Rückzug in eine Traumwelt: "intermission" von vAL
Der komplette Rückzug in eine Traumwelt war schließlich bei Corey Scott-Gilbert zu sehen, dem Amerikaner in Berlin, ein früherer Ballett-Tänzer, der sich jetzt vAL nennt. Er begibt sich in seinem Stück "intermission" konsequent in eine Traumwelt, in der er wie ein Gulliver-Riese auf einer kleinen Insel-Fels-Landschaft liegt oder haltlos im Kreis rennend an den Wänden des Saals entlangtrudelt.
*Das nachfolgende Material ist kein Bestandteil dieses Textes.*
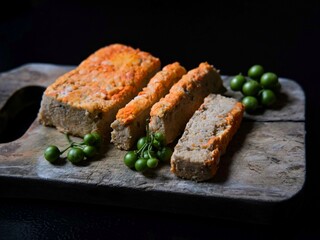 Traditional Indonesian food called Oncon or fermented soybean cake on a cutting board with a black background.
Scott-Gilbert enthüllt Fotografien von schwarzen Männern, die wie Leichenfotos aussehen und erzählt von einem Freund, den er im Traum getroffen hat, der vermutlich schon lange tot ist. Dabei klappert er vor Angst mit den Zähnen, rollt die Augen, stößt Angstschreie aus – das sind keine schönen Träume. Scott-Gilbert zeigt einen völligen Selbstverlust, ohne Chance auf ein Wiederfinden oder darauf, das eigene Ich sinnvoll wieder zusammensetzen zu können.
Bei diesem Stück ist der Tanz reizvoll, vAL lässt seinen Körper in Verknotungen schlingern, wird zum bebenden Monster, das seine Bewegungen aus sich herauswürgen, aus dem Körper herauswringen muss. Der Tanz ist das Spannendste an diesem Stück, das an vielen Stellen kolossal zu lang ist.
Überlänge – Ideen übereizt
Überlänge ist typisch für alle drei Stücke an diesem Wochenende. Typisch ist auch, dass jeweils eine kleine Idee, eine Mini-Ausgangsidee völlig überdehnt, aufgeblasen wird, was aber nicht über 40, 50, 60 Minuten trägt. Drei sehr eigenwillige Ästhetiken in drei allerdings schwachen Stücken, leider ein langweiliger Tanztage-Abende.